だが分裂したのはイスラム教の内部だけではなく「イスラム教徒と非イスラム教徒」、「多数派と性的少数者や民族的少数者」という分断であり、深刻な「溝」を顕在化させてしまったのだ。
各地で相次ぐ少数者差別事件
5月24日、インドネシア・中部ジャワ州の州都スマランにあるスマラン行政裁判所がインドネシア人警察官(30)の解雇無効の訴えを却下する判断を下した。
この男性警察官はプライバシー保護のためTTというイニシャルでしか伝えられていないが、2018年12月に警察官を解雇された。
その理由はTTがゲイであり、それを不服として不当解雇撤回を求めた裁判だった。その訴えが却下されたのだ。
インドネシアでは、国民の生命と財産を守り治安を維持するための警察官は特に高い倫理観が求められている。
女性警察官の新規採用に関しては「高い倫理観維持のため」として未婚志願者に対しては医師による「処女検査」が国際的な女性団体や人権組織の批判にも関わらず現在も行われている。
こうした独特の規範を持つ警察社会の中では同性愛者は異端者であり、許されざる存在として判明次第「解雇の対象」となるのが不文律とされているのだ。
インドネシアではいわゆる性的少数者(LGBT)の存在は法の下で平等な権利を有し、一般国民と同等の地位が保障されている。
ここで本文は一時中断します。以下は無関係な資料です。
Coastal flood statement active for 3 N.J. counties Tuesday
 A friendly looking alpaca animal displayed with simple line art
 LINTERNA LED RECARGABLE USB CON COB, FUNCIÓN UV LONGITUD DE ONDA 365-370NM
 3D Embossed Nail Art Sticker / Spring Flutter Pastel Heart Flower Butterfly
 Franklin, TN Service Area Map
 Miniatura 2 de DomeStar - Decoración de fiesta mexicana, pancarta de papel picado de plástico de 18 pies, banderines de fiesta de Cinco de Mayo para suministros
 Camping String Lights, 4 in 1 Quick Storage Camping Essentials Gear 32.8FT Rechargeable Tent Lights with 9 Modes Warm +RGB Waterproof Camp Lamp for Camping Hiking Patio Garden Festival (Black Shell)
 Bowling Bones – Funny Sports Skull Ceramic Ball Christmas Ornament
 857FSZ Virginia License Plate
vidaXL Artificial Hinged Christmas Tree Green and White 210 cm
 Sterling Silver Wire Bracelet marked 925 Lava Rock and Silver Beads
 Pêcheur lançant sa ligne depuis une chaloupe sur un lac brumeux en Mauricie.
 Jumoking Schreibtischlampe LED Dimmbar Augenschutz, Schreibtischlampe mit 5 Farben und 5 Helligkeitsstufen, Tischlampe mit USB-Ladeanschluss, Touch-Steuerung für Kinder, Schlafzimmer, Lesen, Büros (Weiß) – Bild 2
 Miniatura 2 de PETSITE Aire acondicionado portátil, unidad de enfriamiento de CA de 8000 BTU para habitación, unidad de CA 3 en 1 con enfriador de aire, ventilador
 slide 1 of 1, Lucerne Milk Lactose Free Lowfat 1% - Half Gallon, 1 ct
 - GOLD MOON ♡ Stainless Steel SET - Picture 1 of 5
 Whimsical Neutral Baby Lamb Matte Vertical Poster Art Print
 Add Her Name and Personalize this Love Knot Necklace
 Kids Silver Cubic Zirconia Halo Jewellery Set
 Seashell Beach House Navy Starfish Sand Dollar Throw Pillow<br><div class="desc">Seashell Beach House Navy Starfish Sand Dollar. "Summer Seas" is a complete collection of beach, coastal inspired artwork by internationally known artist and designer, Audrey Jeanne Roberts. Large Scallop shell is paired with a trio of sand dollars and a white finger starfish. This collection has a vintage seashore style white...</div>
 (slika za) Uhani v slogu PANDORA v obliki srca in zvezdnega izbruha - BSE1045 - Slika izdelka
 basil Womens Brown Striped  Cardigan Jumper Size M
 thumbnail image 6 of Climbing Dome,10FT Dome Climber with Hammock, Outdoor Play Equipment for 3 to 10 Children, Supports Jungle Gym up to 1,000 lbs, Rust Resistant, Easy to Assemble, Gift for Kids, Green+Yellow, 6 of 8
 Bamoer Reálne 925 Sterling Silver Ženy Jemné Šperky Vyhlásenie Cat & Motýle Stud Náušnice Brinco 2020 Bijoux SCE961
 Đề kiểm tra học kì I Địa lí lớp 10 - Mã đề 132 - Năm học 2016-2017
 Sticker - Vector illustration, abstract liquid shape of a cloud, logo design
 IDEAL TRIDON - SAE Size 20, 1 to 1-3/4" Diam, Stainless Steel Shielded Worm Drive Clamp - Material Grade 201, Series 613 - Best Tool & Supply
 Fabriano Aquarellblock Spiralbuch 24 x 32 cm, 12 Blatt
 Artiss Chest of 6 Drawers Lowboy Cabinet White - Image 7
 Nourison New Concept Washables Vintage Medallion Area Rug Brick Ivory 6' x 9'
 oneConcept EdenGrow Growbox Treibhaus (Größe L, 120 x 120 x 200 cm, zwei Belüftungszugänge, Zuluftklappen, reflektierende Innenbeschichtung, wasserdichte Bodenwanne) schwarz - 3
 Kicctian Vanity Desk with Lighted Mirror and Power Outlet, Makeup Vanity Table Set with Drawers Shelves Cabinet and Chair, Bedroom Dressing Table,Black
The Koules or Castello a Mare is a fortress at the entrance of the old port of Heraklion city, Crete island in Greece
しかし、それはあくまで建て前に過ぎないことが今回の裁判で改めて裏付けられた。
ただしスマトラ島最北端のアチェ州はイスラム法(シャリア)が施行されており、その建前さえも通らない、唯一の例外地域となっている。婚外性交などで宗教警察に逮捕され、公開でむち打ち刑が実施されているのもアチェ州なのだ。